Asesinato en la catedral

1. Invitación y advertencia

2. Jamás viajes por placer

3. El moribundo balbuceante

4. Los dientes de una trampa

5. Conjeturas

6. Asesinato en la catedral

7. El móvil

8. Dos canónigos

9. Tres sospechosos y una bruja

10. Meditaciones nocturnas

11. El Whale and Coffin

12. El laúd del amor

13. Otro muerto

14. El análisis final

15. Aclaración y despedida

Índice

Sobre este libro

Sobre Edmund Crispín

Créditos

1

INVITACIÓN Y ADVERTENCIA

En la cabecera de la cama

un coche fúnebre me recuerda

que quizá haya muerto antes del alba.

Southwell

Mientras su taxi se abría camino entre el tráfico de la estación de Waterloo cual abeja entusiasta entre un enjambre indolente, Geoffrey Vintner releyó la carta y el telegrama que había encontrado sobre su mesa del desayuno aquella misma mañana.

Se sentía tan infeliz como lo habría estado cualquier hombre de escaso espíritu aventurero que acabara de recibir una carta intimidatoria en la que hubiera encontrado suficientes indicios para creer que las amenazas que suscribía probablemente se llevarían a cabo. No era la primera vez aquella mañana que se arrepentía de haber emprendido un incómodo viaje que implicaba abandonar su casita en Surrey, sus gatos, su jardín —cuya disposición cambiaba a diario, en función de algún antojo nuevo y casi nunca factible— y a su inestimable y sufrida ama de llaves, la señora Body. A él no se le daban bien —y esta idea se repetiría con lúgubre frecuencia en el transcurso de la serie de aventuras en las que estaba a punto de embarcarse— los asuntos de violencia física. Una vez pasada la barrera de los cuarenta no resulta posible, ni siquiera en los momentos de mayor entusiasmo, arrojarse sin más a batallas anónimas y mortales contra hombres sin escrúpulos. Y si además uno es un solterón maniático y moderadamente acomodado que se ha criado en una apartada rectoría rural, y tiene una mentalidad muy alejada de preocupaciones sórdidas y de pasiones arrebatadoras, la cosa no solo se antoja imposible, sino francamente absurda. No le consolaba nada pensar que hombres como él habían encontrado el valor y el tesón necesarios para luchar en las playas de Dunquerque; ellos, al menos, sabían a qué se enfrentaban.

Amenazas.

Se sacó un gran revólver antiguo del bolsillo de la americana y lo contempló con la misma mezcla de alarma y afecto que los amantes de los perros suelen dedicar a un ejemplar particularmente feroz. El taxista observó la maniobra por el retrovisor mientras entraban en el amplio puente de Waterloo.
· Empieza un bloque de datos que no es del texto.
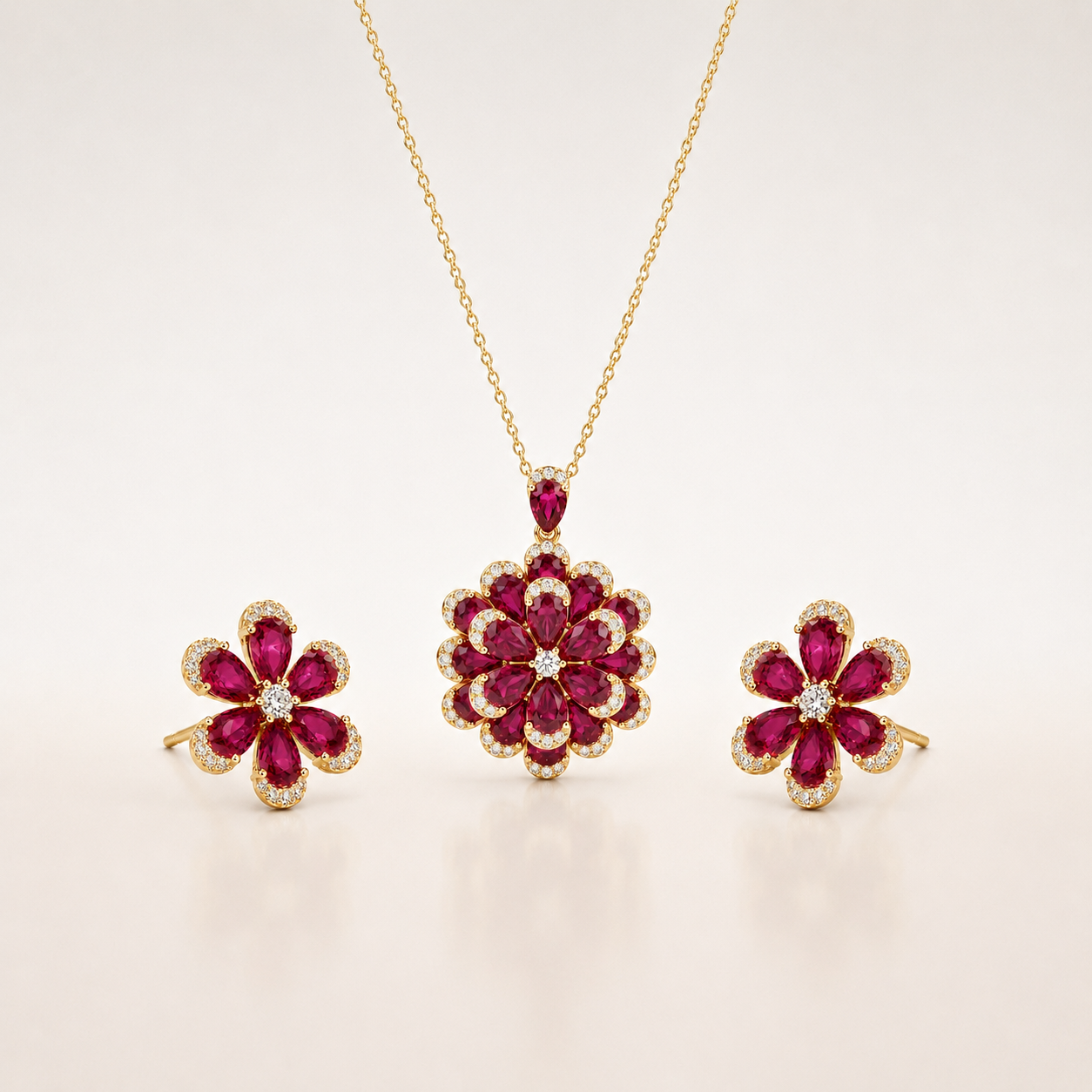 Ruby Bloom Floral 925 Sterling Silver Necklace Set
Su expresión se ensombreció. Al ver aquella mirada reprobatoria, Geoffrey Vintner guardó apresuradamente el arma. Y entonces se le pasó por la cabeza un extraño pensamiento: tenía constancia de que se habían dado casos de secuestros a manos de taxistas. Al parecer, se dedicaban a merodear ante la casa de su víctima y cuando esta salía se la llevaban por la fuerza a un lugar miserable del puerto y se la entregaban a bandas de malhechores armados. Mientras rodeaban hábilmente la rotonda septentrional del puente, Geoffrey observó con desconfianza la pequeña y recia figura que ocupaba con inmovilidad marmórea el asiento delantero. Aquella mañana solo uno de los trenes que partía desde Surrey llegaba a tiempo para enlazar con el que salía de Paddington, así que, con el simple hecho de saber que él tenía que tomar ese tren, sus enemigos, quienesquiera que fuesen, habrían podido adivinar la hora de su llegada. Sin embargo, encontrar taxi no había resultado nada fácil, y de hecho todos, sin excepción, se habían mostrado más dispuestos a ignorarle que a intentar atraer su atención. Por consiguiente, concluyó que todo iba bien.
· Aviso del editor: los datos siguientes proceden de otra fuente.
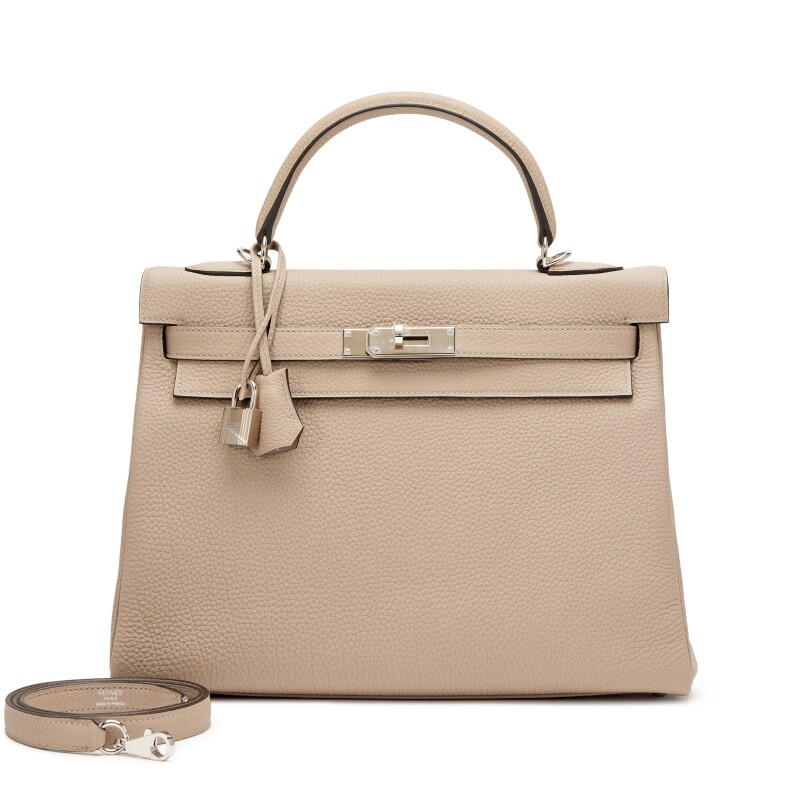Hermes Gris Tourterelle Togo Retourne Kelly 32 Palladium Hardware, 2018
Se volvió y miró con disgusto el tráfico que los perseguía con los erráticos movimientos de unos borrachos que siguen a su líder de pub en pub. Cómo llegaba a saber la gente si alguien la seguía era todo un misterio para él. Además, Geoffrey tampoco tenía madera de observador: el mundo exterior dejaba en él la misma huella que una sucesión imprecisa y nada memorable de fantasmas. Un piel roja podría haber caminado a su lado por todo Londres sin que él hubiese notado nada extraño. Durante unos instantes, se planteó pedirle al taxista que diese un rodeo para despistar a sus posibles perseguidores, pero sospechaba que su propuesta no sería muy bien recibida. Y, en cualquier caso, aquel asunto era ridículo de principio a fin: seguir a alguien a plena luz del día por todo Londres llamaría demasiado la atención.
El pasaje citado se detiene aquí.